Why Food Passporting is Inevitable - and How Happerley Is Leading The Change

18th Jul 2017 05:31 AM


Our Software Director (Dragos, pictured above in his garden), and our Comms Manager, Alan, explain.


Extensive research has been conducted into the food purchasing habits of Millennial consumers. These studies have shown that transparency and traceability are a reccurring topic at the forefront of the data collected, with a generation of consumers putting pressure on food suppliers to provide honest information about the origins of their products and the techniques involved in creating them.

Understandably, this has also become a hot topic in the boardroom meetings of “Big Food” corporations. In the past, the clamor of consumers asking tough questions was stifled by a simple rethinking of marketing tactics. Often these new campaigns could be incredibly misleading, creating a pastoral and serene illusion of quaint family farms supplying a big friendly machine.

But research shows that consumers have seen the proverbial puppet strings and are now showing a more focused and educated interest in unearthing the cold hard facts about the locality, environmental impact, and sustainability of their food purchases, while creating a growing demand for big business food producers to get real.

Enter  Happerley: a company pairing innovative blockchain technology with an extensive network of food producers, intermediaries, and retailers that will provide public access, traceability, and full transparency to the UK’s food supply chains at all levels.

Boots on the Ground
Happerley Founder and farmer, Matthew Rymer, is no stranger to watching fast-money food companies misrepresent provenance to collect the premiums owed to the hard-working people with their Wellie’s planted in the soil. By developing Happerley he is hoping to level the playing field for those struggling at the bottom of the supply chain, arguably the most crucial link, by instantly connecting them to the consumer holding their product in their hands.

While Rymer isn’t the first to notice this widening gap between field and fork, he is the first to sound the rallying cry to businesses, farms, intermediaries, and retailers in the UK to come together under one banner of proving and protecting the provenance, truly a food movement that reflects reports claiming consumers are more likely to purchase from a primary source they can verify than a brand they cannot.

Rymer explains:
"Happerley is currently identifying, certifying and publishing the supply networks for food businesses across the UK - creating one transparent network. We are involving all businesses that value provenance and with nothing to hide - whether an egg producer, a fish wholesaler, a brewery or a restaurant. Next year. following the pilots with Midcounties Co-op, we will open up Passporting as an option to participating food businesses, empowering the primary producer to passport their provenance and, by validating through the participating chain, empowering the consumer to see the whole journey in an instant. So, first the chains, then the food. One network - then one truth."

How Passporting Works
At a local butcher shop, a leg of lamb with a Happerley Passport QR code is scanned with the Happerley smartphone app. Instantly the app scours the Blockchain to verify where the lamb was born, raised, and slaughtered-regardless of whether or not these took place the same place. Additional information about where it grazed or what it was fed will will provide applicable links to the feed suppliers, and then their suppliers of feed ingredients, and so on. It will identify where the lamb was processed and packaged, and when and how it was shipped, and by whom.

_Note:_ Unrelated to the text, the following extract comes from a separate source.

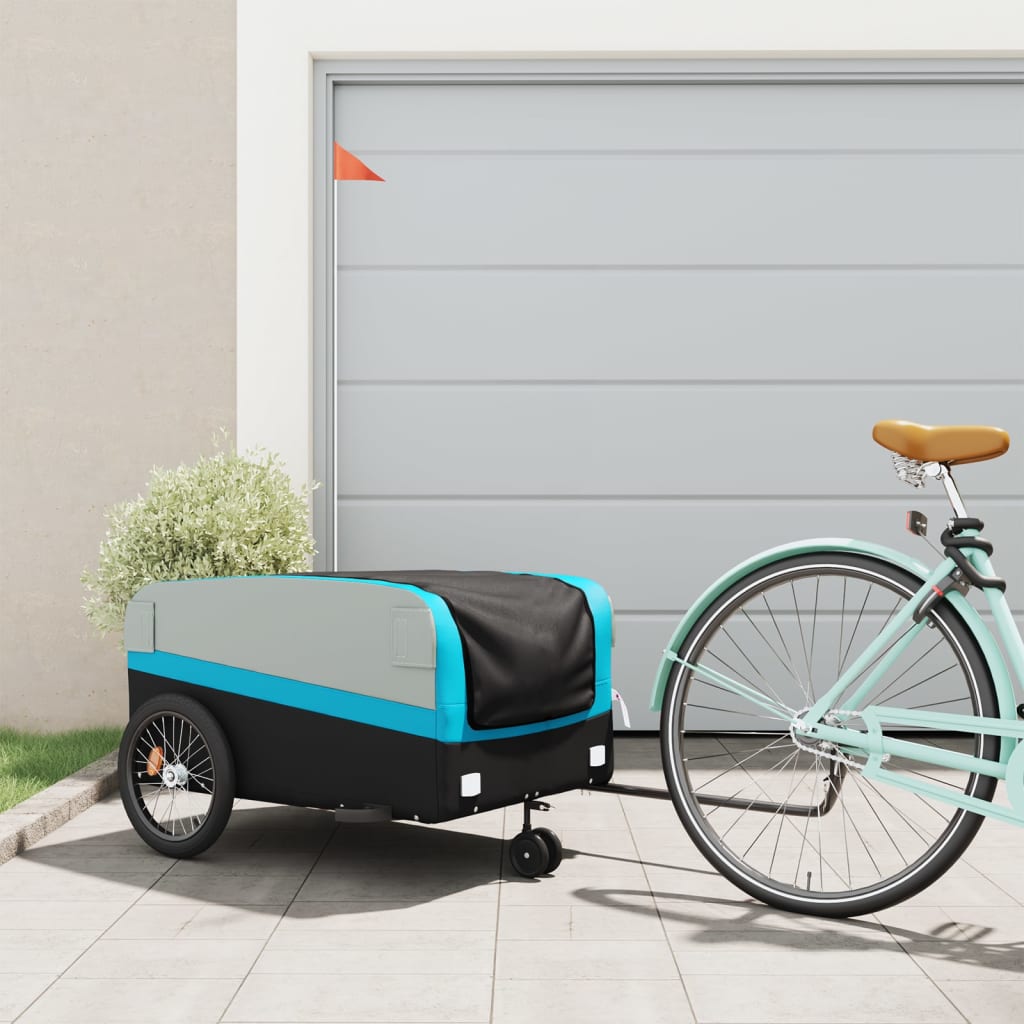 vidaXL Vozík za bicykel, čierno modrý 45 kg, železo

Importantly, the Passport information on a product expires after an allotted time has passed, so that the customer can be certain of the freshness of a product, a feature that is certain to be useful in restaurants and catering applications.

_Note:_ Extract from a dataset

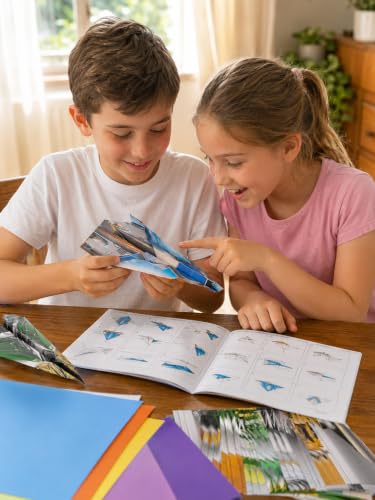 hapray 60 Sheets Paper Airplane Kit, Origami Paper Plane with Book & Video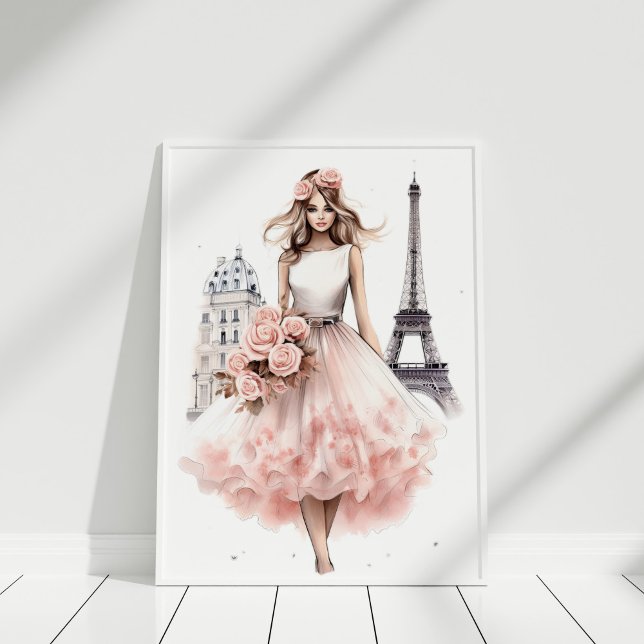 Poster Portrait de mode Paris Floral Pêche (Peach Floral Paris Fashion Portrait Poster in a white frame)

Happerley’s Software Director, Dragos Perca, sums up the blockchain technology:
“Personal computers all over the world are used to store highly encrypted data, or “blocks”. There is no single company or organization that regulates or controls these computers, they are simply interconnected and distributed throughout a massive network, called the blockchain. All of the computers within the blockchain store the exact same data.”

He continues:

“The blockchain offers immutability, meaning once information is saved it cannot be altered. It has some limits for certain applications, but it provides confidence that historical transactions cannot be tampered with.”

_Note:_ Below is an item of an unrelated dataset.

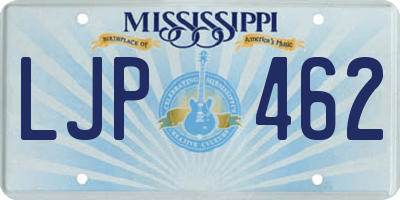 MS license plate LJP462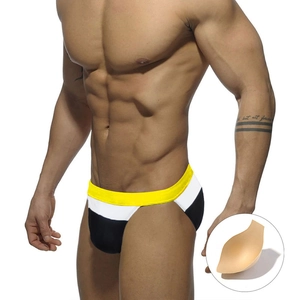 Herren Sexy Colorblock Badehose Nylon Elasthan Schnelltrocknend Hohe Elastizität Strand Wassersport Mit Herausnehmbarem Pad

The blockchain is transparent by nature because it is not owned or controlled by anyone. Rather it is an open network that can be viewed by all at any time. Goods or currency can freely flow between two parties because there is no middle man to handle the processing or charge a fee. A ledger is the only information encrypted within a block with verification from the network assuring a transaction took place.

Happerley has focused this technology on tracking the multitudes of transactions that occur within the food supply network. By harnessing the blockchain public data, Happerley’s app is able to follow the transaction history of goods backwards to their primary source. A type of high-tech paper trail can connect the dots between farmers, growers, processors, packagers, shippers, and retailers, and all within seconds.


Geo-location will tell you who owns the cattle in a field or the apple in an orchard and where you can purchase them- effectively reversing the flow of information in the supply chain from the soil upwards.

Happerley Ever After
By pledging to provide this information from a neutral platform without any agenda, Happerley is pushing the decision to-buy or not-to-buy in the hands of the consumer, a power in its own right. What is truly innovative is that in the same exact instant Happerley empowers the primary providers by directly including them in the transaction, a process that fell to by the wayside long before farmer’s markets included stalls selling fidget-spinners.

This type of all-inclusive information, and the access to it, has never before been available to consumers in this medium. Happerley hopes to take advantage of the shift towards this new paradigm in technology by feeding energy back into the symbiotic relationship between the field and the fork and letting consumers tap into however and whenever they would like.